*** DATA SUPPLIED ***
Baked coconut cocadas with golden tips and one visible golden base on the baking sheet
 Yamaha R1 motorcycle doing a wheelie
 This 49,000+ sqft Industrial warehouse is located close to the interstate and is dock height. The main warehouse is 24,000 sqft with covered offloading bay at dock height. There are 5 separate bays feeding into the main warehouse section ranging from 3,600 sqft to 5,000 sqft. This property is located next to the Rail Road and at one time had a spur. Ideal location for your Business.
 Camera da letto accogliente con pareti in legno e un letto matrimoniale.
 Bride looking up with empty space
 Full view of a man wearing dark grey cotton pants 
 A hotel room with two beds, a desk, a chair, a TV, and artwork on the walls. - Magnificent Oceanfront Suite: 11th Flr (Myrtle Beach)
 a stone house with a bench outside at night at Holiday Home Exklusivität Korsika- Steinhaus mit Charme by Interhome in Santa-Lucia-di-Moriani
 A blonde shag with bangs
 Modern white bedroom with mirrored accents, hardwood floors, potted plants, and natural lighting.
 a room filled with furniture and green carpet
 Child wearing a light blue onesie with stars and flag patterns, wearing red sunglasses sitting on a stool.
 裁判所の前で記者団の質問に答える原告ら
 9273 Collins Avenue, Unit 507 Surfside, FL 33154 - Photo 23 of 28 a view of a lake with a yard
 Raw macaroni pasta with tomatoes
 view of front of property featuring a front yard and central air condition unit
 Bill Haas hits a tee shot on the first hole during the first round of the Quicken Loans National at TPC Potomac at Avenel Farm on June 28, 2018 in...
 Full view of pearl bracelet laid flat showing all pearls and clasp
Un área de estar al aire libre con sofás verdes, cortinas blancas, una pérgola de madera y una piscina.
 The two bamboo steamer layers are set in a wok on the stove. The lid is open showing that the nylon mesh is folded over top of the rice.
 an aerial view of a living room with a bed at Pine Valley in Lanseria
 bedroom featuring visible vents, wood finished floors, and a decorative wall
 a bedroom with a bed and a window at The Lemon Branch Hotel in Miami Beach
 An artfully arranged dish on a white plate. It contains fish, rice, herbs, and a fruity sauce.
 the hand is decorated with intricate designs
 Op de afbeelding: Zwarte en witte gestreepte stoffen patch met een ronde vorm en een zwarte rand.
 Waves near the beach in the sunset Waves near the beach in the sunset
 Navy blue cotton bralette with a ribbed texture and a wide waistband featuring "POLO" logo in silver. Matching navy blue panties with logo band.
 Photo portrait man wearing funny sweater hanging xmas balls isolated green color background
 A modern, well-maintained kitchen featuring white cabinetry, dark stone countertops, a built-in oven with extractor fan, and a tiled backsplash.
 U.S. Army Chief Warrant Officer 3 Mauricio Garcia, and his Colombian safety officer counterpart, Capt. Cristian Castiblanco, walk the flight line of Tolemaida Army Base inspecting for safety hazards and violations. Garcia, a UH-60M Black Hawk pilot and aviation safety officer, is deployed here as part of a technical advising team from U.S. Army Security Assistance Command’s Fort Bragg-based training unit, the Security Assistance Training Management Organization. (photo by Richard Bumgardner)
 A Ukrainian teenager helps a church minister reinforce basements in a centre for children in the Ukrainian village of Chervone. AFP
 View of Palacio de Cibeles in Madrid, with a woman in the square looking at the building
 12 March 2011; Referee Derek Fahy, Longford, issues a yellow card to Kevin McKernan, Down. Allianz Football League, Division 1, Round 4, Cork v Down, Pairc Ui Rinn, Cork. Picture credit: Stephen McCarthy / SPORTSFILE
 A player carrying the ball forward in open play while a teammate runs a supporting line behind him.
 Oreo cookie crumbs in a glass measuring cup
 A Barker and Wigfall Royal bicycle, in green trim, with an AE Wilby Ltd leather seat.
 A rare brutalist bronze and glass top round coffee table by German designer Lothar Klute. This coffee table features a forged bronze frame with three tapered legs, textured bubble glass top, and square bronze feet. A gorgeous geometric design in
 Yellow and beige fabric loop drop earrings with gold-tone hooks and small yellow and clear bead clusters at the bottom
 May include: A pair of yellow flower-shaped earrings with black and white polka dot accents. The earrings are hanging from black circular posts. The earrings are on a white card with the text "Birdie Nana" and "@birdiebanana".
***
## WORK INSTRUCTIONS
Starting with the first record, copy everything through the final one exactly.

## EXERCISE SOLUTION
Baked coconut cocadas with golden tips and one visible golden base on the baking sheet
 Yamaha R1 motorcycle doing a wheelie
 This 49,000+ sqft Industrial warehouse is located close to the interstate and is dock height. The main warehouse is 24,000 sqft with covered offloading bay at dock height. There are 5 separate bays feeding into the main warehouse section ranging from 3,600 sqft to 5,000 sqft. This property is located next to the Rail Road and at one time had a spur. Ideal location for your Business.
 Camera da letto accogliente con pareti in legno e un letto matrimoniale.
 Bride looking up with empty space
 Full view of a man wearing dark grey cotton pants 
 A hotel room with two beds, a desk, a chair, a TV, and artwork on the walls. - Magnificent Oceanfront Suite: 11th Flr (Myrtle Beach)
 a stone house with a bench outside at night at Holiday Home Exklusivität Korsika- Steinhaus mit Charme by Interhome in Santa-Lucia-di-Moriani
 A blonde shag with bangs
 Modern white bedroom with mirrored accents, hardwood floors, potted plants, and natural lighting.
 a room filled with furniture and green carpet
 Child wearing a light blue onesie with stars and flag patterns, wearing red sunglasses sitting on a stool.
 裁判所の前で記者団の質問に答える原告ら
 9273 Collins Avenue, Unit 507 Surfside, FL 33154 - Photo 23 of 28 a view of a lake with a yard
 Raw macaroni pasta with tomatoes
 view of front of property featuring a front yard and central air condition unit
 Bill Haas hits a tee shot on the first hole during the first round of the Quicken Loans National at TPC Potomac at Avenel Farm on June 28, 2018 in...
 Full view of pearl bracelet laid flat showing all pearls and clasp
Un área de estar al aire libre con sofás verdes, cortinas blancas, una pérgola de madera y una piscina.
 The two bamboo steamer layers are set in a wok on the stove. The lid is open showing that the nylon mesh is folded over top of the rice.
 an aerial view of a living room with a bed at Pine Valley in Lanseria
 bedroom featuring visible vents, wood finished floors, and a decorative wall
 a bedroom with a bed and a window at The Lemon Branch Hotel in Miami Beach
 An artfully arranged dish on a white plate. It contains fish, rice, herbs, and a fruity sauce.
 the hand is decorated with intricate designs
 Op de afbeelding: Zwarte en witte gestreepte stoffen patch met een ronde vorm en een zwarte rand.
 Waves near the beach in the sunset Waves near the beach in the sunset
 Navy blue cotton bralette with a ribbed texture and a wide waistband featuring "POLO" logo in silver. Matching navy blue panties with logo band.
 Photo portrait man wearing funny sweater hanging xmas balls isolated green color background
 A modern, well-maintained kitchen featuring white cabinetry, dark stone countertops, a built-in oven with extractor fan, and a tiled backsplash.
 U.S. Army Chief Warrant Officer 3 Mauricio Garcia, and his Colombian safety officer counterpart, Capt. Cristian Castiblanco, walk the flight line of Tolemaida Army Base inspecting for safety hazards and violations. Garcia, a UH-60M Black Hawk pilot and aviation safety officer, is deployed here as part of a technical advising team from U.S. Army Security Assistance Command’s Fort Bragg-based training unit, the Security Assistance Training Management Organization. (photo by Richard Bumgardner)
 A Ukrainian teenager helps a church minister reinforce basements in a centre for children in the Ukrainian village of Chervone. AFP
 View of Palacio de Cibeles in Madrid, with a woman in the square looking at the building
 12 March 2011; Referee Derek Fahy, Longford, issues a yellow card to Kevin McKernan, Down. Allianz Football League, Division 1, Round 4, Cork v Down, Pairc Ui Rinn, Cork. Picture credit: Stephen McCarthy / SPORTSFILE
 A player carrying the ball forward in open play while a teammate runs a supporting line behind him.
 Oreo cookie crumbs in a glass measuring cup
 A Barker and Wigfall Royal bicycle, in green trim, with an AE Wilby Ltd leather seat.
 A rare brutalist bronze and glass top round coffee table by German designer Lothar Klute. This coffee table features a forged bronze frame with three tapered legs, textured bubble glass top, and square bronze feet. A gorgeous geometric design in
 Yellow and beige fabric loop drop earrings with gold-tone hooks and small yellow and clear bead clusters at the bottom
 May include: A pair of yellow flower-shaped earrings with black and white polka dot accents. The earrings are hanging from black circular posts. The earrings are on a white card with the text "Birdie Nana" and "@birdiebanana".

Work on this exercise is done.